Temos de, necessariamente, atuar sobre essa realidade, e não sobre qualquer outra que idealizemos. E a análise e a reflexão sobre esses dados, resultantes da maior pesquisa que se faz sobre o País, permitem-nos não apenas perceber a dinâmica própria da sociedade brasileira e avaliar o que já foi feito, mas também eleger objetivos e prioridades para futuras ações.

O Brasil se movimenta, se transforma - eis uma conclusão básica a que chegamos, ao compararmos os dados do Censo 2000 àqueles obtidos no Censo anterior, realizado em 1991. Nem sempre na direção que queríamos e raramente no ritmo que escolheríamos, mas, ainda assim, obtendo algumas grandes conquistas, que, objetivamente, não podem ser desprezadas.

O Brasil é, hoje, um país mais instruído. São notáveis os avanços na escolarização, nos diversos níveis, a começar pelos mais básicos. Na idade de 7 a 14 anos, o percentual de crianças na escola atinge os 94,9%. Esse resultado assinala um grande progresso nos nove anos que o separam do Censo de 1991, no qual a mesma taxa foi de 79,5% - um crescimento, portanto, de mais de 15 pontos percentuais.
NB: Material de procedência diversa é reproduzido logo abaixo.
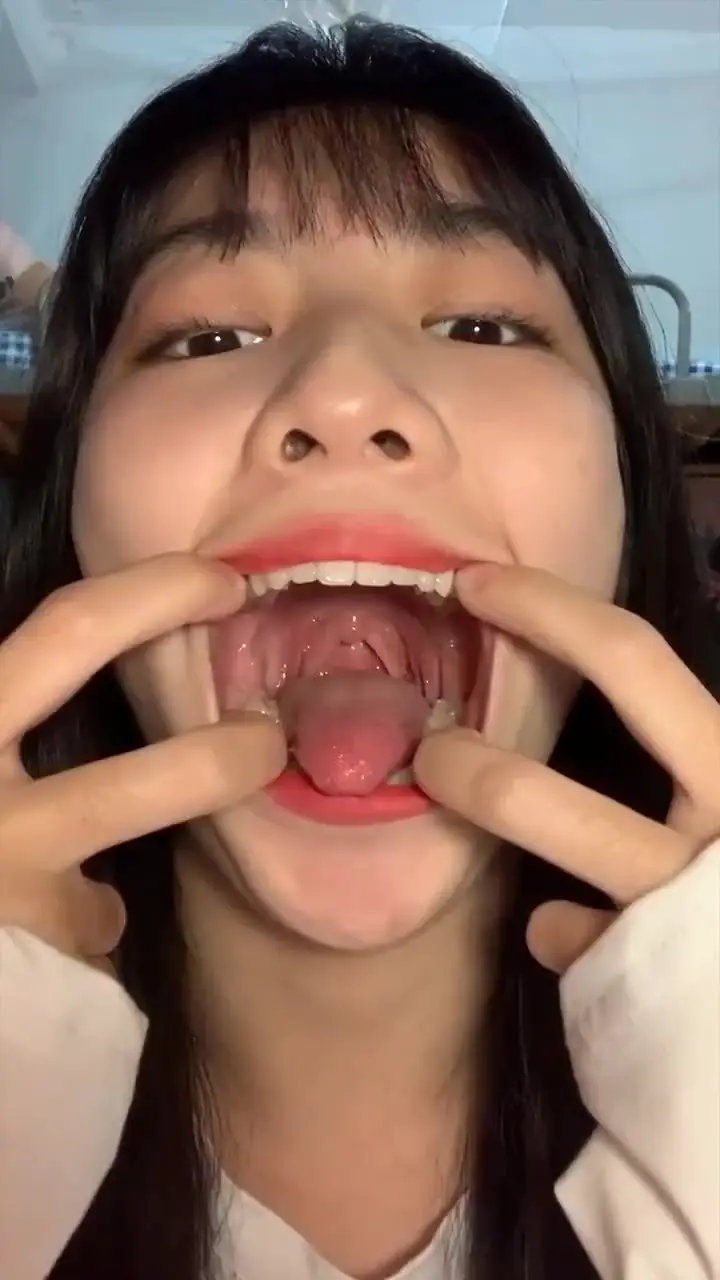 입안 보여주는 누나.MP4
A diferença é ainda maior na faixa de 5 e 6 anos, onde a taxa de escolarização pulou de 37,2% para 71,9%. Persiste, entretanto, uma grande carência na capacidade de atendimento das creches, que só alcança 11,6% das crianças de 0 a 3 anos.

Mas, como dissemos, o aumento da escolarização se verifica em todos os níveis. Na pré-escola, ele foi de 196%, com a inclusão de 4,7 milhões de crianças. No nível médio, o crescimento em relação a 1991 foi de nada menos que 209%, incorporando igualmente 4,7 milhões de jovens. Crescimento proporcionalmente maior se deu no nível de pós-graduação, de cerca de 319%, correspondente aos 218 mil estudantes que cursavam mestrado ou doutorado no ano 2000.

Essas amplas melhoras não implicam a superação de graves problemas educacionais em nosso País. Quase um terço, ou 31,4%, da população com mais de 10 anos não concluiu o primeiro ciclo do ensino fundamental, que vai até à quarta série, sendo portanto considerada analfabeta funcional. Mas não há como contestar, Srªs e Srs Senadores, um grande progresso na inclusão educacional. Estamos no caminho certo, é necessário dar continuidade a ele para atingirmos, em médio prazo, a universalização do ensino fundamental, preconizada em nossa Lei Magna.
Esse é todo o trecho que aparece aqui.